Curling is back in the spotlight at the 2022 Beijing Winter Olympics – and all the stones used by the competitors originate from an uninhabited Scottish island.
They are hand-crafted at Kays Curling’s workshop in Mauchline, Ayrshire, using granite from the island of Ailsa Craig.
The company’s stones are the only ones used in competition by the World Curling Federation.
Kays Curling was founded in 1851, and has been providing curling stones for the Winter Olympics since the Chamonix Games in 1924.
The company’s director is 72-year-old Jimmy Wyllie, who began working there at the age of 15.
He told BBC Radio’s Good Morning Scotland programme: “The history books tell us that curling stones have been made from Ailsa Craig material for probably at least 200 years now.
“There are two sources on the island and in the good old days you could have a pair made from either.”
Today, those two types of granite are combined to make one stone.

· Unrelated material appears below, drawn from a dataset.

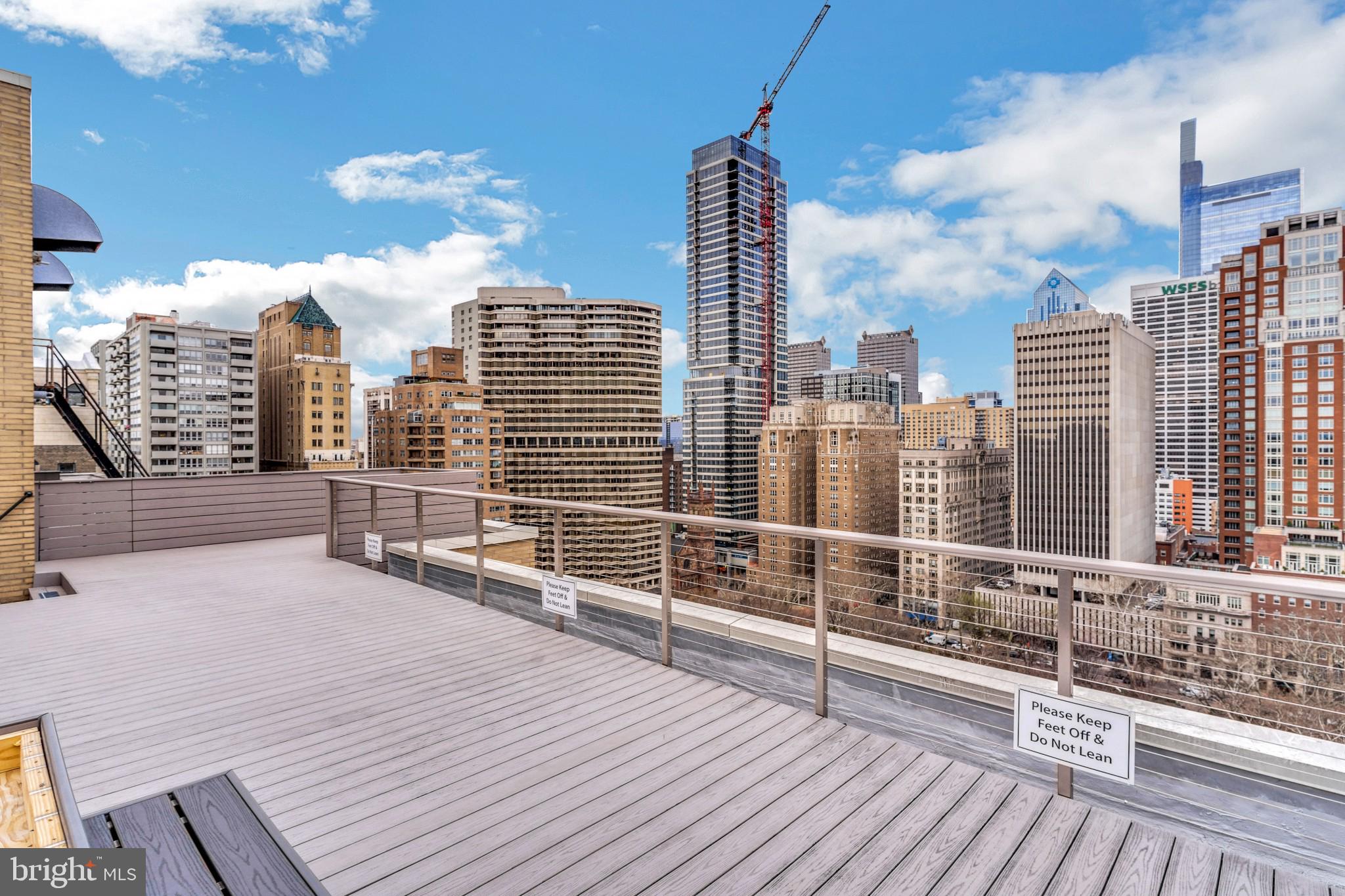 1810 Rittenhouse Square, Unit 210 Philadelphia, PA 19103 - Photo 23 of 30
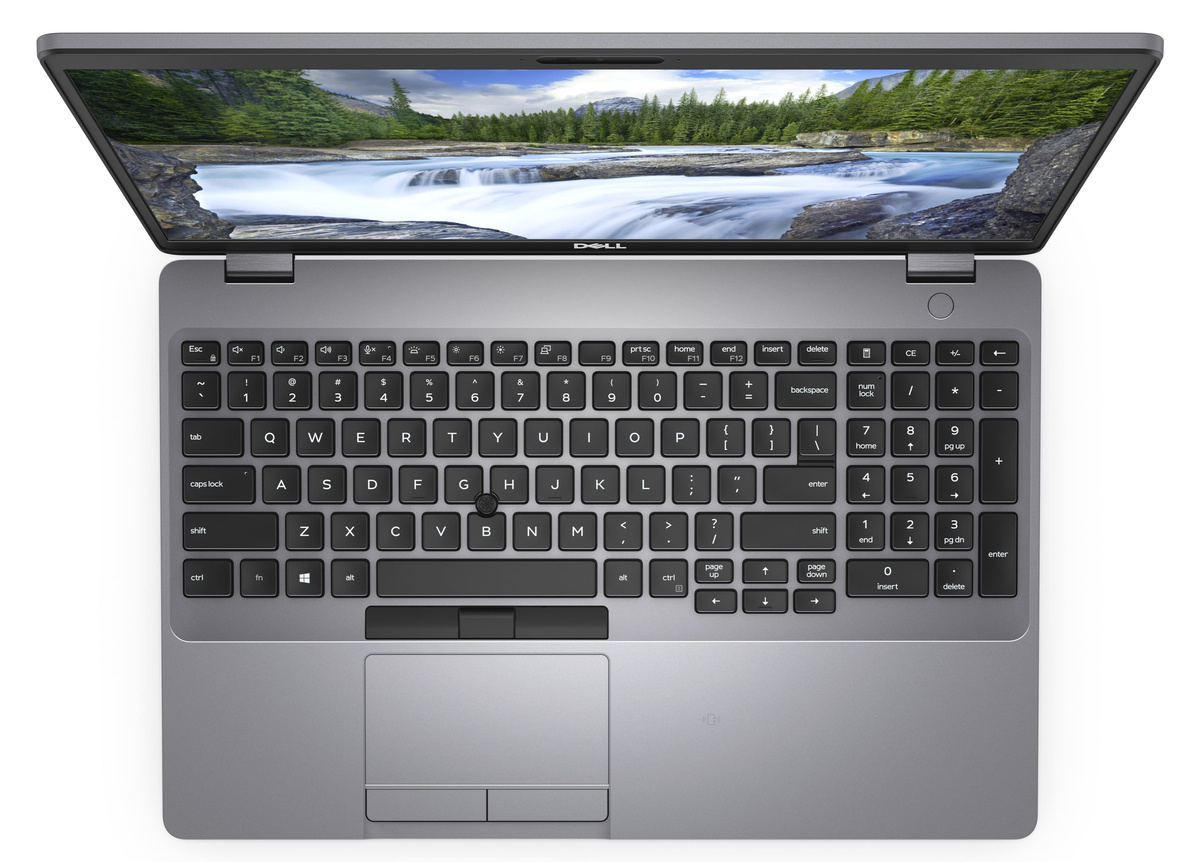 Dell Latitude 5511 Core i7 10850H (10-gen.) 2,7 GHz / 32 GB / 2 TB SSD / 15,6'' FullHD dotyk / Win 11 Pro + Nvidia GeForce MX250 / Klasa A-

Common Green granite is used for the main body, before Blue Hone granite is added.
Workers produce one stone per hour, a total of 38 stones a week. Each one is checked for shape and balance to ensure they meet Olympic requirements.
There’s more at the link, including a fascinating series of photographs showing the stones being made by hand in the traditional way. Some modern tools are used, but all the old ones are still there, in serried ranks along the walls. It’s a way of life I’d thought long gone, but it supports an Olympic sport to this day.